Family History Learning Event on 11 December

Related topics: Community / Education / My area

The Shropshire Heirloom Project is holding a ‘Family History Learning Event’ at The Gateway, Chester Street, Shrewsbury on Tuesday 11 December 2012 from 10am to midday. 

Anyone involved with family or local history learning is welcome to attend and find out about new and creative ways to support learners with such projects.

There will be an opportunity to find out more about the Shropshire Heirloom Project, which is taking place in four locations in Shropshire, as well as hear from speakers from the Shropshire Family History Society and the Bishop’s Castle Oral History project. 

Joan Mowl from Beechtree Community Centre, who is the lead partner, said:

“The event is free and everyone is welcome to attend.  It will be a great opportunity to find out about family history research, as well as share ideas and hear personal stories from both tutors and learners.” 

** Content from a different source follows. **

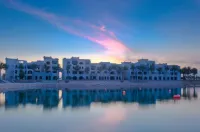 Juweira Boutique Hotel Hotels in 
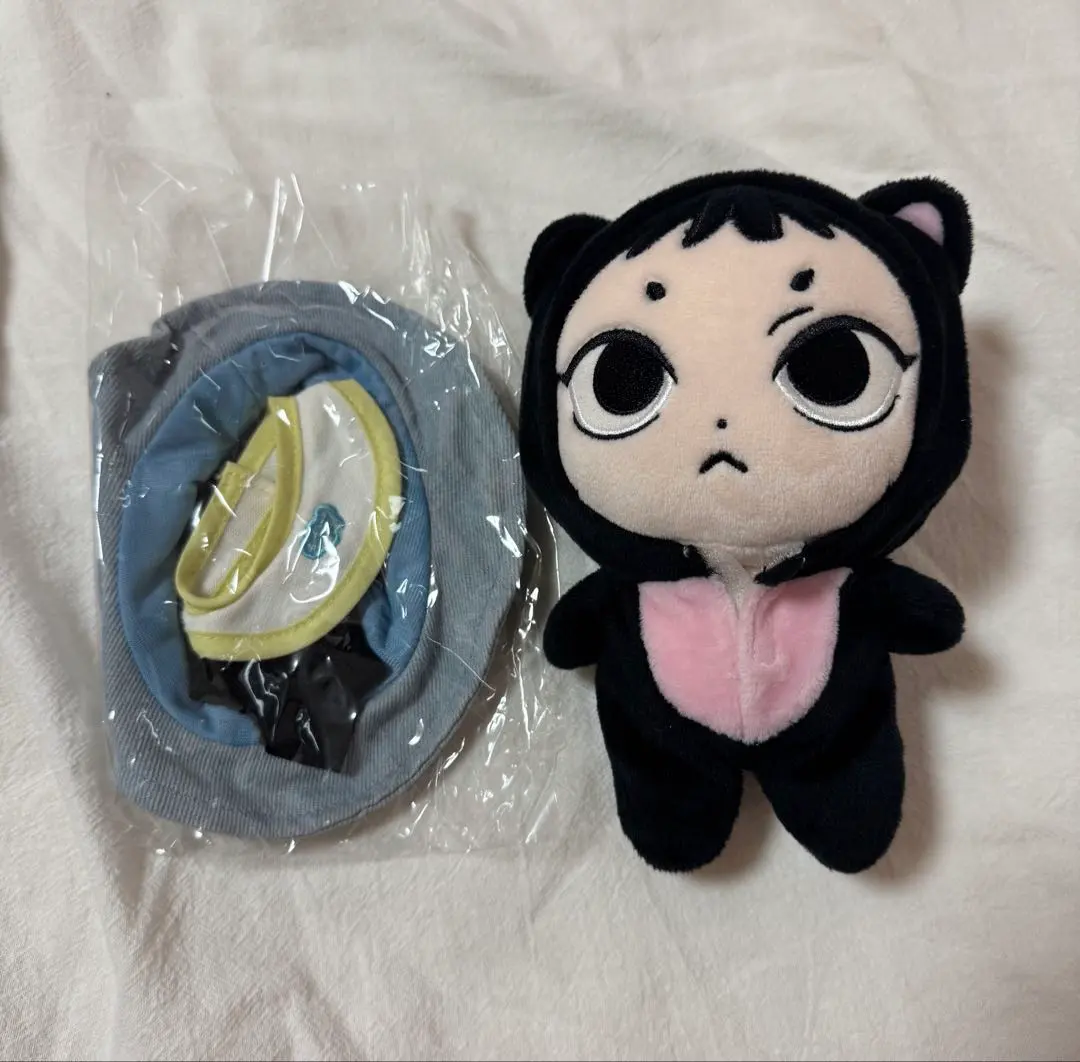 2026年最新】wayV テン ぬいぐるみ テンにゃんの人気アイテム - メルカリ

The Shropshire Heirloom Project is funded by the Community Learning Innovation Fund from the Skills Funding Agency, is managed by the National Institute of Adult Continuing Education, and will contribute to the Government’s objectives for community learning. 

It aims to widen participation and increase IT skills of rural residents in Shropshire, particularly older people and people with disabilities, who may need support to access the Internet.  The project is looking to recruit learners, volunteers and tutors to share ideas and experiences via networks created online. 

To find out more information or to book your place please contact Joan Mowl on 01948 666612, joan@btcc.org.uk.               

Further information

For more information about the Community Learning Innovation Fund please visit www.niace.org.uk/clif

  1. The following themes are important strands in Community Learning Innovation Fund activity:
  • Widening participation and transforming people’s destinies by supporting learning and progression in the broadest sense for adults, especially those who are most disadvantaged and least likely to participate in learning
  • Promoting social renewal and developing stronger communities with more self-sufficient, connected and pro-active citizens
  • Maximising the benefit and impact of community learning on the social and economic well-being of individuals, families and communities
  • Including effective strategies to ensure that the work and its impact can be sustained when project funding comes to an end
  • Aligning with the work of emerging Community Learning Trusts – a distinct but complementary initiative. 

2.  Community Learning is an umbrella term describing a broad range of learning that brings together adults, often of different ages and backgrounds, to pursue an interest, address a need, acquire a new skill, become healthier or learn how to support their children.  It is usually unaccredited.  It can be undertaken for its own sake or as a step towards other learning.  It includes structured adult education courses taught by professionally qualified teachers, independent study online and self-organised study groups.  It may happen in personal time or work time and be delivered by providers in the public, private or third sectors, or organised by people for themselves through the many groups, clubs and societies where people get together to learn.